I’m saying so because we’re now heading to 2027 elections and you rarely hear any noise about who goes to Senate from Enugu or from Sokoto or from Ekiti State or Calabar. I’m thinking of the day Nigerian people will know that the governor of a state is presiding over 40 per cent of their funds, and that the governor has also hijacked the local councils. Efforts have made in the last 25 to 26 years through various amendments by each session of the National but the issue of local government failed.
But President Bola Tinubu, in his own wisdom as a veteran who fought local government war, initiated a programme and went to the Supreme Court. Luckily, his Attorney General, Lateef Fagbemi, did so well and the Supreme Court gave judgement.
How enforceable is the judgement that granted financial autonomy to the local governments?
When that judgement came, we all jumped up in jubilation but the governors connived. Why they did so; I don’t know. But let us not take it for granted that in our federation that the governors are in charge of the local governments.
The day people are sure that their governors are controlling over 50 per cent of our funds, the noise in Abuja will be very, very minimal and the do-or-die election for presidency or Nigeria voting over N300 billion for an election, and getting almost no perfect election will come to an end.

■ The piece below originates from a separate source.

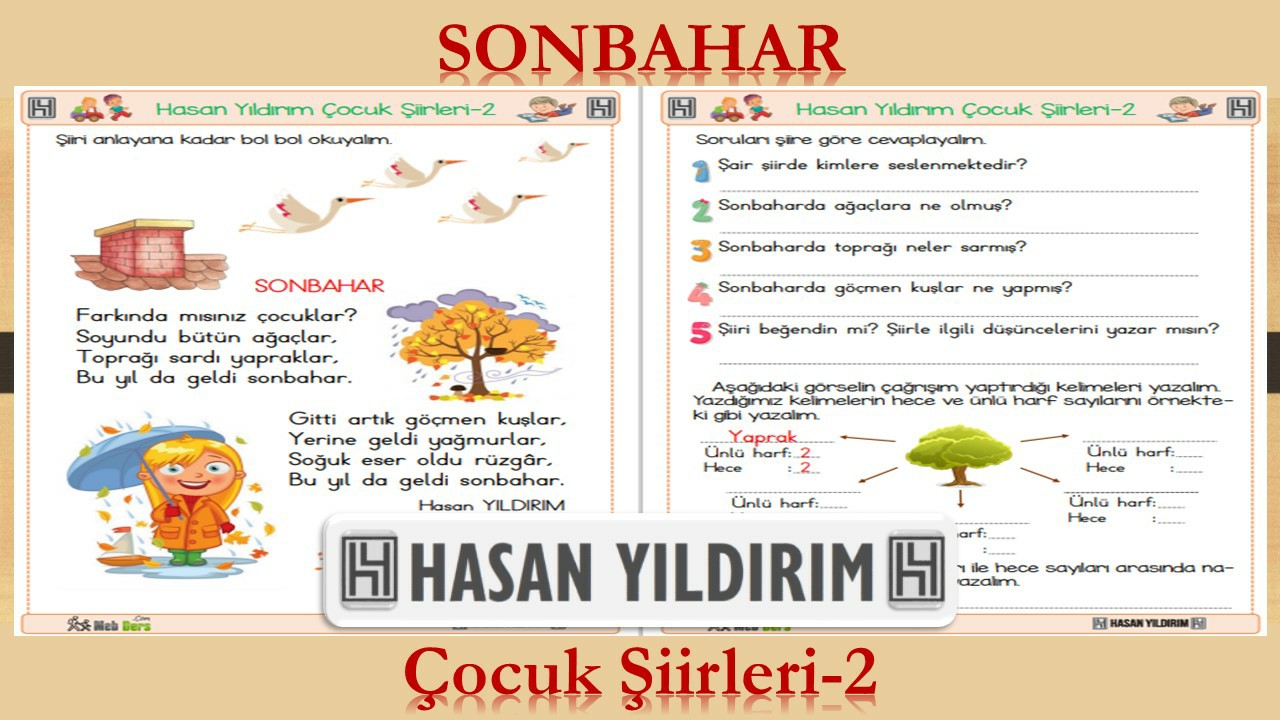 Sonbahar (Çocuk Şiirleri-2)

Is it about being in tune with current realities, or is it a problem of operators of the system?
Both sides; but let me start with the fact that there have been amendments that have been done, one of which is the Fifth Amendment by former President Muhammadu Buhari, where the state governments have been allowed to generate electricity. If possible, transmit and distribute. If you don’t fund them, if you don’t leave them with more funds, how will that be executed?

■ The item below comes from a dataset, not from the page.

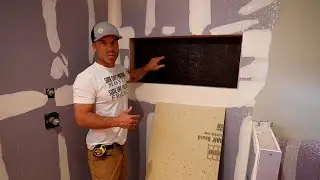 Custom Niche on EXTERIOR WALL--- How to Do It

So, I’m saying, Nigerians are giving them more responsibilities, give them more money. Look at the governor of Enugu State, for instance, he’s taxing people, and we protested. He said, gentlemen, can you do an assessment and have a timeline? If you don’t see what
I’m thinking of the day Nigerian people will know that the governor of a state is presiding over 40 per cent of their funds and that the governor has also hijacked the local councils
What do you think the governors will do with increased allocation? I don’t know when you got to your village last. If you have been there recently, did they tell you that the hardship is about President Tinubu?

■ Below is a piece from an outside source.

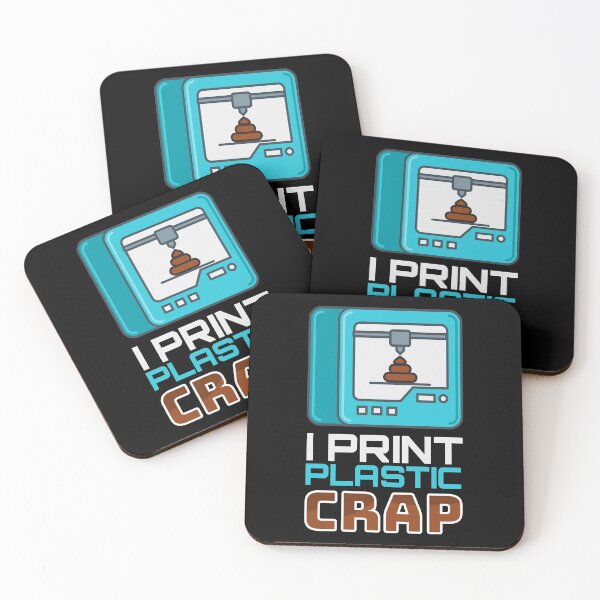 Item preview, I Print Plastic Crap 3D Print Printer designed and sold by MooonTees.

Are they aware that Mr. President is dishing out more allocation to them more than any other previous government? The truth of the matter is that President Tinubu has done so well in that line. Now, that he’s doing so, some people are even querying it. The idea of democracy is popular participation. It’s more difficult to canvas an issue at the centre.
You know why? They will tell you: ‘The man is our tribesman, do you know when we’ll get that again. Even if they are stealing, for God’s sake, let him join in the stealing.’ That’s the danger we face because we have two big elephants in the room – ethnicity and religion. We have not wiped it off. But when resources are close to the units, the ethnic card will be demolished.
The President will go freely and tell the people; this is the allocation formula from all that came from the so called national cake. This is what their people got. For me, the balanced federalism is seamless via fiscal restructuring than where you now say, we are going to the old region as if the region succeeded.
Looking at this issue of revenue allocation, should we be looking at allocation or should we be talking about derivation? Like what happened in the First Republic. Why is it difficult to canvass derivation?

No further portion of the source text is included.